Как-то на съемках Татьяна Самойлова рассказывала режиссеру о том, как задумала провести эпизод своей героини:
— …Она будет сидеть и рыть землю руками, вот так, а потом разожмет кулак и увидит — алмаз. Она тогда откинется назад и будет плакать…
Урбанский, прислушиваясь к разговору, вдруг раздраженно сказал:
— Хорошо, она будет плакать. А ты в это время что будешь делать?
Он отдавал всего себя исполняемой роли. Он принес в искусство жизнелюбие, застенчивую нежность, нетерпимость к ханжеству.
И неудивительно, что в первой же своей роли в кино Урбанский получил широкое признание зрителей.
В городе Кызыле, где проездом была наша киноэкспедиция, шел фильм «Коммунист». Урбанский позвал меня в кинотеатр.
— Давай посидим, посмотрим. Не на меня, чудак, на публику. Ведь интересно.
Весь сеанс он мешал мне. Гудел в ухо:
— Плохо у меня, смотри, плохо… Не так тут надо было… А это ничего, получилось… А сейчас будет кадр, где я руки забыл помазать. А тут хорошо… смотри, хорошо стою, как олень…
Это была сцена любовного свидания, где он, правда, стоял хорошо и, правда, как олень.
Он не дал мне досмотреть фильм до конца, потащил к выходу:
— Ну уже все, уже конец. Сейчас свет зажгут.
И когда мы шагали по ночным улицам, сказал:
— Зажгут свет, увидят меня и подумают: пришел, смотрит, сам себе нравится.
Над Енисеем колышется жаркое марево. После съемок мы возвращаемся в Дивногорск на бойком буксирном катере. За кормой, исходя белой пеной, ярится бурун.
— Знаете что, парни, — предлагает Иннокентий Смоктуновский. — На пристани удобные мостки. Приедем — искупаемся.
— Зачем мостки? Здесь искупаемся.
Урбанский быстро разделся и, оттолкнувшись от кормы, бросил свое сильное тело прямо в клокочущий бурун. Это было красиво, это было здорово, черт возьми!
— Рисуется Урбанский! — заметил кто-то. Неправда! Урбанский не рисовался. Он озорно радовался жизни во всех ее проявлениях, любил, чтоб захватывало дух.
Крупные сильные руки с гибкими пальцами держат гитару.
Женя перебирает струны лениво, как бы нехотя. Начинает наигрывать какой-то веселый мотив, мы вполголоса подпеваем и умолкаем.
Поздний вечер. Мы уже (в который раз!) спели все песни и частушки собственного сочинения. А ведь завтра рано вставать. Но никто не расходится. В крохотном купе лагерного вагончика тесно, мы сидим плечом к плечу на жестких койках. Только вокруг Жени немного свободного пространства: ведь в руках у него гитара.

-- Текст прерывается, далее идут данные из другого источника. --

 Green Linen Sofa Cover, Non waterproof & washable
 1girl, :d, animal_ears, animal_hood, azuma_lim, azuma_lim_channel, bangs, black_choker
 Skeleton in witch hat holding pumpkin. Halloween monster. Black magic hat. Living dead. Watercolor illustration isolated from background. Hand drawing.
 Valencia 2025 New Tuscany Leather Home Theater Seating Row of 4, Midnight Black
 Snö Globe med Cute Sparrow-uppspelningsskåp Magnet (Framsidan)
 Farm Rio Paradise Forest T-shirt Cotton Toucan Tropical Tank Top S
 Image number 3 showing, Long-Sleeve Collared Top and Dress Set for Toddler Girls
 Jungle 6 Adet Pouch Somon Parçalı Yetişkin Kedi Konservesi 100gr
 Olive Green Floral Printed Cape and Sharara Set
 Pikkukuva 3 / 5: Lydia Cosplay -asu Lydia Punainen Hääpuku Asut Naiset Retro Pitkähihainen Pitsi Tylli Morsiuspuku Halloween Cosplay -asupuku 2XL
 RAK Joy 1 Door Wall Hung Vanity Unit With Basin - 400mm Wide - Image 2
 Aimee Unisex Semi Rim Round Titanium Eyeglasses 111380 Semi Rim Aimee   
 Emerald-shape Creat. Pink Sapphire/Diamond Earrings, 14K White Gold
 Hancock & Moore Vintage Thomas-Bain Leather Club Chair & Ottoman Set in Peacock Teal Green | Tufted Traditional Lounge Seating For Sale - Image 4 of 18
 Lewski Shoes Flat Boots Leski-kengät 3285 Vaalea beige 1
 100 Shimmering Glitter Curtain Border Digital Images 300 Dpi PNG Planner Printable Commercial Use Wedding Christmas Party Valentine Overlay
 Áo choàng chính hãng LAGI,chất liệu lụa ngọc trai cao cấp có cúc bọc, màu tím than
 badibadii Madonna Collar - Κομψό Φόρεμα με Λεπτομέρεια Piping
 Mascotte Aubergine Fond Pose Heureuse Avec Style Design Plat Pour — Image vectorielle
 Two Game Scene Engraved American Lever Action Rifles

Аккорд, еще аккорд… Гори, гори, моя звезда!
Женя поет полным голосом. На этот раз никто не подпевает. Это должен петь только он, так может петь только Урбанский.
— Гори, гори, моя звезда!..
Урбанский первым уезжал из экспедиции. Собираясь в дорогу вдруг предложил мне:
— Хочешь, я тебе свою рубаху подарю? Просто так. Я уезжаю, а тебе еще тут работать.
И когда я принял подарок, он обрадовался и уверял, что рубаха мне невероятно к лицу. В общем, вел себя так, будто не он мне сделал подарок, а я ему.
Его провожали по таежной традиции залпами из ракетницы и охотничьих ружей. Он легко забросил чемодан в кузов грузовика, хлопнул дверцей кабины. Взревел мотор.
И сразу в вечернее небо одна за другой взвились ракеты: зеленая, красная… Грянул прощальный залп.
Женя, высунувшись из окна кабины, смеялся и махал нам рукой.
Ах, Женька, Женька… Много было вместе перепето песен, много перетоптано дорог, много переговорено и перемолчано вместе.
И ни разу я тебе не сказал, что крепко люблю тебя. Не сказал по глупой нашей привычке все переводить в шутку.
Подняв к небу стволы, салютую тебе.
Огонь! Огонь!
И плывет перед глазами твое смеющееся лицо.